Wanneer kan de gemeente een Bibob-onderzoek doen?

De gemeente mag alleen een Bibob-onderzoek doen bij de volgende activiteiten:

  • activiteiten waar een vergunning/ontheffing voor nodig is.

  • activiteiten waarvoor een subsidie wordt aangevraagd.

  • opdrachten voor de overheid (overheidsopdrachten).

  • vastgoedtransacties, zoals onder andere het kopen of verkopen van gebouwen of grond van de gemeente.

In de Wet Bibob staat hoe gemeenten het Bibob-onderzoek mogen doen.

Wat kunnen de gevolgen zijn van een Bibob-onderzoek?

De gemeente kan bij het vermoeden van crimineel misbruik beslissen geen vergunning, ontheffing, subsidie of overheidsopdracht te geven, of geen vastgoedtransactie te sluiten. Ook kan de gemeente beslissen om een vergunning of subsidie in te trekken of een overeenkomst te stoppen.

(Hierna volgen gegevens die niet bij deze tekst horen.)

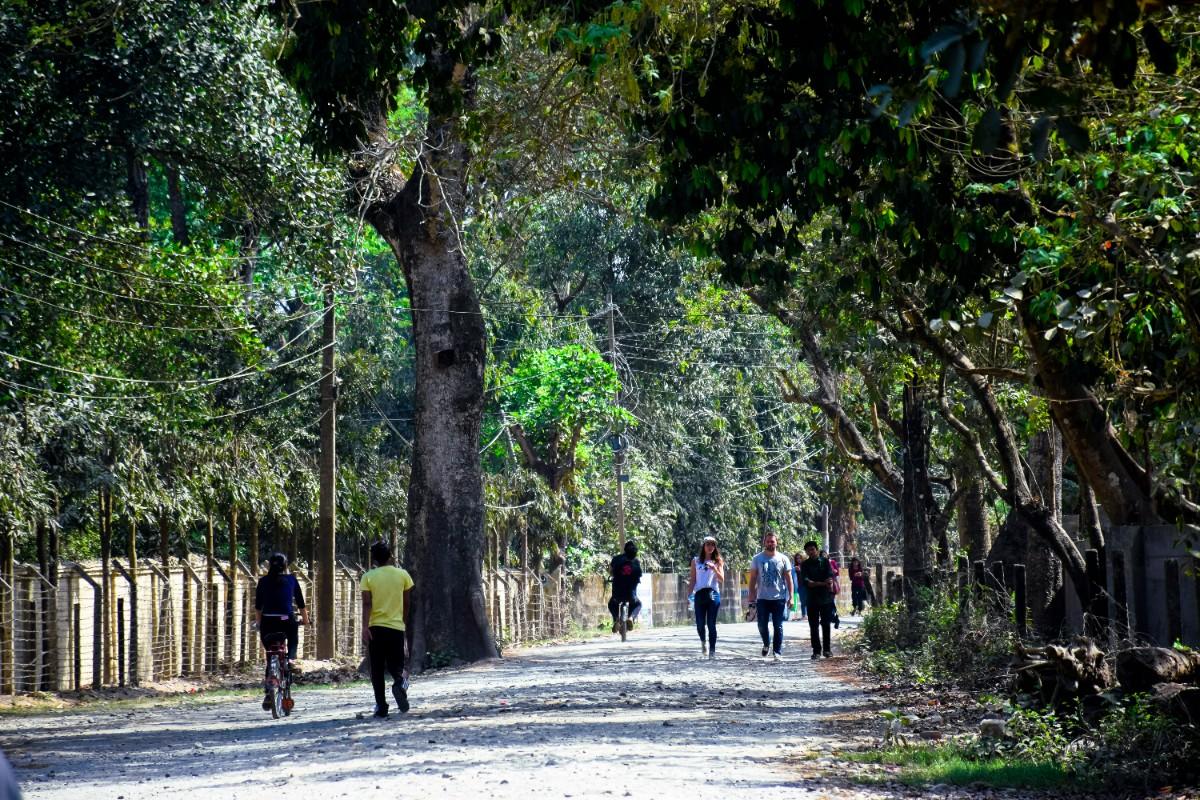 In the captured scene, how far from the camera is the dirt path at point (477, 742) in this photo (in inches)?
378

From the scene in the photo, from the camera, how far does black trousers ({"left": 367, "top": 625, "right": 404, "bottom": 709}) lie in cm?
1448

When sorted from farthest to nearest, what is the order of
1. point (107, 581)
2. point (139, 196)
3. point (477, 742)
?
point (139, 196) < point (107, 581) < point (477, 742)

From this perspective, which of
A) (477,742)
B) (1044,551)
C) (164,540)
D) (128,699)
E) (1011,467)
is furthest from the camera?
(164,540)

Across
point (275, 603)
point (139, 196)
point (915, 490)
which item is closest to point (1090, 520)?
point (915, 490)

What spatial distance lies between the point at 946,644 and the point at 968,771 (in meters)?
8.35

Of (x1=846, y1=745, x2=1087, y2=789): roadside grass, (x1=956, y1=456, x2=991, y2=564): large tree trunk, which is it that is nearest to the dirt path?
(x1=846, y1=745, x2=1087, y2=789): roadside grass

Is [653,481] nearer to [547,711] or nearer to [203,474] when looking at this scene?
[203,474]

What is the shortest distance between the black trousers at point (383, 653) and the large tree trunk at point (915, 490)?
12.4 metres

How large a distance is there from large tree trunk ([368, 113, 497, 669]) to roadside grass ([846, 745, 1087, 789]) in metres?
13.5

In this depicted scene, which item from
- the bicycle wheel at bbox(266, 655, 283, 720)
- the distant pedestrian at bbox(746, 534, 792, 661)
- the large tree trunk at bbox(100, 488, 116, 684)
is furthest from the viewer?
the distant pedestrian at bbox(746, 534, 792, 661)

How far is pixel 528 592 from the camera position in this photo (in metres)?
38.0

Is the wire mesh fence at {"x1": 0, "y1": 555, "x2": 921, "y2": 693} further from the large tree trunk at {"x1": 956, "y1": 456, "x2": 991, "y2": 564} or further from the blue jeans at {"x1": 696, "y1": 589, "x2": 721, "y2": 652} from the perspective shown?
the blue jeans at {"x1": 696, "y1": 589, "x2": 721, "y2": 652}

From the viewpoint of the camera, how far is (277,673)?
15.9 meters

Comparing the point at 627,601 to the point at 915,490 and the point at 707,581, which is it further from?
the point at 707,581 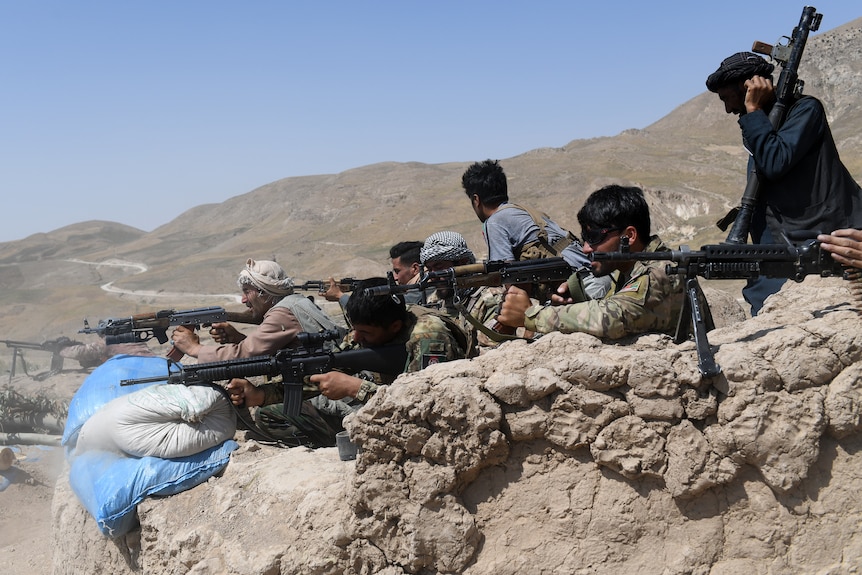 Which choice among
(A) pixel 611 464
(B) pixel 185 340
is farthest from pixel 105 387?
(A) pixel 611 464

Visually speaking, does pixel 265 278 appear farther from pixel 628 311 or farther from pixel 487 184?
pixel 628 311

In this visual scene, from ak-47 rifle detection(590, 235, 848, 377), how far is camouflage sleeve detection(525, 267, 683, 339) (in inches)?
4.5

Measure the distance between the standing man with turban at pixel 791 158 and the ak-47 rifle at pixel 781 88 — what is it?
0.04 meters

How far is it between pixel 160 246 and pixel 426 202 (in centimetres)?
2552

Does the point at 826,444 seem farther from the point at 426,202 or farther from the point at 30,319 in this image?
the point at 426,202

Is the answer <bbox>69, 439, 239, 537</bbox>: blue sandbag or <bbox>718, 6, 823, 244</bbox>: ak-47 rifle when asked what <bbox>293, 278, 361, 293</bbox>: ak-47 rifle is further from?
<bbox>718, 6, 823, 244</bbox>: ak-47 rifle

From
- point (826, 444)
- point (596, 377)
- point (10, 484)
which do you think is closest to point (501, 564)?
point (596, 377)

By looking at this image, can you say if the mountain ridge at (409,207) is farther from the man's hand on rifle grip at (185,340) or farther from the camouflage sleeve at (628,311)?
the camouflage sleeve at (628,311)

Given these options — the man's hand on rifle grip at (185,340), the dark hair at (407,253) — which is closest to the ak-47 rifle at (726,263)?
the dark hair at (407,253)

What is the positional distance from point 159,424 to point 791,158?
341 cm

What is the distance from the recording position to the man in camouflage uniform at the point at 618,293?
115 inches

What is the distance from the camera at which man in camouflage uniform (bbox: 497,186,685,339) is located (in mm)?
2912

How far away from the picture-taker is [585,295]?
3.45 metres

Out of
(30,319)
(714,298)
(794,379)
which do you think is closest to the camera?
(794,379) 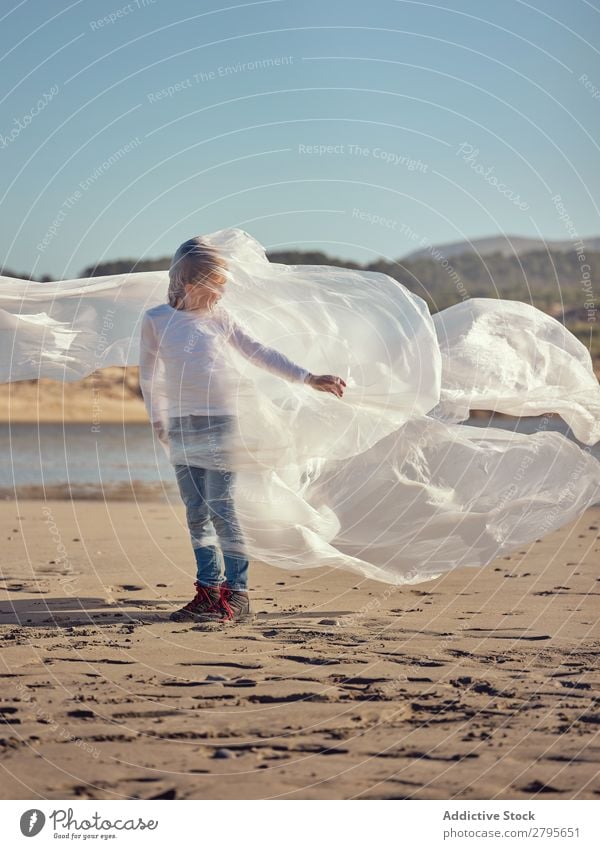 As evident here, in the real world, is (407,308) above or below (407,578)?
above

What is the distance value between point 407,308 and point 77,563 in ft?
12.1

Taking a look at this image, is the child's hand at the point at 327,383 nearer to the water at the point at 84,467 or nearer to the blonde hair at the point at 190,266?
the blonde hair at the point at 190,266

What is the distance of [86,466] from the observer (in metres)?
20.6

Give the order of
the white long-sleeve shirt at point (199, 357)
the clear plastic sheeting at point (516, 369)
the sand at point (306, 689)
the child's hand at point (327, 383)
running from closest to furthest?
the sand at point (306, 689), the child's hand at point (327, 383), the white long-sleeve shirt at point (199, 357), the clear plastic sheeting at point (516, 369)

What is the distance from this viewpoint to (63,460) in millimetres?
21781

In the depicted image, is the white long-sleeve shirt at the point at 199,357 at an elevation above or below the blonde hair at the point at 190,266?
below

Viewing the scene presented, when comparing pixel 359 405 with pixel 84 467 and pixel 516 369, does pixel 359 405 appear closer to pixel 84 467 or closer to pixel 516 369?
pixel 516 369

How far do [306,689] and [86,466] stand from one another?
15601 mm

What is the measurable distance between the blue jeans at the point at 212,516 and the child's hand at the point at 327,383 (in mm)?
621

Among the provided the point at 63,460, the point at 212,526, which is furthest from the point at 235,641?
the point at 63,460

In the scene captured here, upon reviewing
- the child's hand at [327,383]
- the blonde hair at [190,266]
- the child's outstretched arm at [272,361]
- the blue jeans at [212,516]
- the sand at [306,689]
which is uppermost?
the blonde hair at [190,266]

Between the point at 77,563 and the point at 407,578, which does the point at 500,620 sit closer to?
the point at 407,578

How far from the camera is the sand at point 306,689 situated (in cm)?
438

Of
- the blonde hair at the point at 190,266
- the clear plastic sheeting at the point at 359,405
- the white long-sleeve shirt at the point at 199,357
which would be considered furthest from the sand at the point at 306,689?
the blonde hair at the point at 190,266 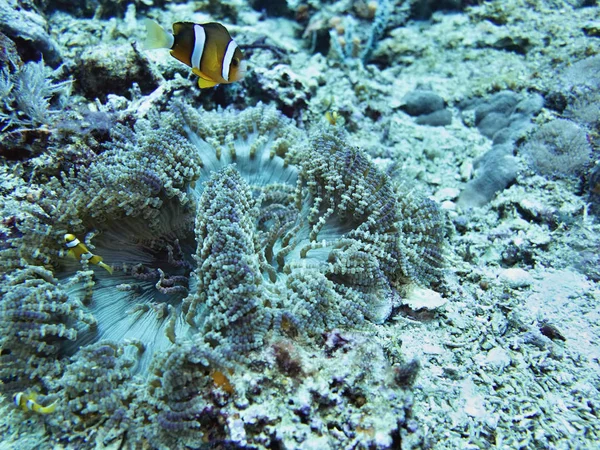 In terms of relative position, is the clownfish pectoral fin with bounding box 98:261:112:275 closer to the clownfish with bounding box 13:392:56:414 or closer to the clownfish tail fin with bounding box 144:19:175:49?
the clownfish with bounding box 13:392:56:414

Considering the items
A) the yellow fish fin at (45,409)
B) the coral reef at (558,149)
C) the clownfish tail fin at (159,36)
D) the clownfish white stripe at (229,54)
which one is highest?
the clownfish tail fin at (159,36)

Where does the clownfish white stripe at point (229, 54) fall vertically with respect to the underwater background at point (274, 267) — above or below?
above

Hierbij voert de gemeente Katwijk deze beleidsregels voor de Wet Bibob in.

Hoofdstuk 1: Algemeen

Artikel 1.1 Uitleg begrippen

In deze beleidsregels staan verschillende begrippen. In artikel 1.1 van de Wet Bibob leest u van de meeste begrippen wat ze betekenen. Daarnaast staan in deze beleidsregels nog enkele andere begrippen. Hieronder leest u wat die begrippen betekenen.

  • a.

    Gemeente: in deze beleidsregels verwijst gemeente naar een bestuursorgaan van de gemeente (de burgemeester, het college van burgemeester en wethouders of de gemeenteraad van de gemeente Katwijk) of naar de rechtspersoon met een overheidstaak. Het hangt van de situatie af wie volgens de wet het recht heeft om iets te doen.

  • b.

    Eigen onderzoek: het Bibob-onderzoek dat de gemeente Katwijk uitvoert, zoals bedoeld in artikel 7a van de Wet Bibob.

  • c.

    Eigen ambtelijke informatie: informatie die binnen de gemeente aanwezig is, bijvoorbeeld in documenten of digitaal. Of informatie die de gemeente in open of gesloten bronnen mag bekijken of aanvragen. De gemeente mag deze informatie gebruiken voor het eigen onderzoek.

  • d.

    Bibob-vragenformulier: het formulier dat iemand in moet vullen bij de start van een Bibob-onderzoek (zie artikel 7a, lid 5 van de Wet Bibob).

  • e.

    Rechtspersoon met een overheidstaak: de gemeente Katwijk;

  • f.

    RIEC: het Regionaal Informatie- en Expertise Centrum zoals bedoeld in artikel 28, lid 2 onder d van de Wet Bibob. Deze organisatie gaat georganiseerde criminaliteit tegen.

  • g.

    Landelijk Bureau Bibob: het Bureau bevordering integriteitsbeoordelingen door het openbaar bestuur, zoals bedoeld in artikel 8 van de Wet Bibob. De gemeente kan dit bureau vragen om een Bibob-advies te geven.

  • h.

    Risicogebied : Gebied dat op basis van artikel 2:81 van de APV als risicovol is aangewezen;

  • i.

    Semi-overheid: Een algemene aanduiding voor allerlei soorten overheidsorganisaties, die “dicht tegen de overheid aan zitten”. Kenmerken van semi-overheid is dat er sprake is van:

    • a.

      wettelijke taken en/of het dienen van een uitgesproken publiek belang en

    • b.

      een (flinke) publieke financiering.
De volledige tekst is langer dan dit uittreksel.